[Data items]
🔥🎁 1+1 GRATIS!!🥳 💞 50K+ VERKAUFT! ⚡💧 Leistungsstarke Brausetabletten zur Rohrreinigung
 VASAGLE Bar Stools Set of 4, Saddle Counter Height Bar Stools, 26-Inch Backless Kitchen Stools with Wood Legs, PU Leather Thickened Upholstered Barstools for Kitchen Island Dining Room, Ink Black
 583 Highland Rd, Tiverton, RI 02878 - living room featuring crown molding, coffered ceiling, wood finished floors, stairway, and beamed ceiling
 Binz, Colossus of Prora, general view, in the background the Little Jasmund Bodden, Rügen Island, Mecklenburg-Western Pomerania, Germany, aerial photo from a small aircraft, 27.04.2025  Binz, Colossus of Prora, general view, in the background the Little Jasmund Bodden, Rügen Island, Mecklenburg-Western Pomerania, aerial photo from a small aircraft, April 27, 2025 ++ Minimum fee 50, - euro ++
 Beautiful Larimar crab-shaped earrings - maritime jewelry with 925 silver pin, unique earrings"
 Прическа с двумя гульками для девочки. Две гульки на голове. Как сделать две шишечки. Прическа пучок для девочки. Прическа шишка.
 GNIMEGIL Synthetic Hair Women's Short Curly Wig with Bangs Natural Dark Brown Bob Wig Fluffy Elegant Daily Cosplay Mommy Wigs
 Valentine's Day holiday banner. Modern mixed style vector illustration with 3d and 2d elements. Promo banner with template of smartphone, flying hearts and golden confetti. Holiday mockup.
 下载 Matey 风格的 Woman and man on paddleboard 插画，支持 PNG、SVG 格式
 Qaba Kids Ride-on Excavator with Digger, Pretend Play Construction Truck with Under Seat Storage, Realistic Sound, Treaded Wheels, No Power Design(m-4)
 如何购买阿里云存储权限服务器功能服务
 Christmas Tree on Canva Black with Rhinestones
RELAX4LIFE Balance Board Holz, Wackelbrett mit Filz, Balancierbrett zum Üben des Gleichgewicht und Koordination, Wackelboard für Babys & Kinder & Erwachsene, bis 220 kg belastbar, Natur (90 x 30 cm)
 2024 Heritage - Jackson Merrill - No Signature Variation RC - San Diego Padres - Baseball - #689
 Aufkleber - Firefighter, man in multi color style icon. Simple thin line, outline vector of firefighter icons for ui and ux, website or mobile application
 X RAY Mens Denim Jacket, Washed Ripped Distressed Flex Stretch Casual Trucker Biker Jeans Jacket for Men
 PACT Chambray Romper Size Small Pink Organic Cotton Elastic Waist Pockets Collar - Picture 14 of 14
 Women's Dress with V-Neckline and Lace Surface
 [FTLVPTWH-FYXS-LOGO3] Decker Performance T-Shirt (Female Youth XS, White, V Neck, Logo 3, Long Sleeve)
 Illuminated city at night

Exercise aim: Only lines containing "Black" belong in the answer; copy every such line from the records.

Finished task:
 VASAGLE Bar Stools Set of 4, Saddle Counter Height Bar Stools, 26-Inch Backless Kitchen Stools with Wood Legs, PU Leather Thickened Upholstered Barstools for Kitchen Island Dining Room, Ink Black
 Christmas Tree on Canva Black with Rhinestones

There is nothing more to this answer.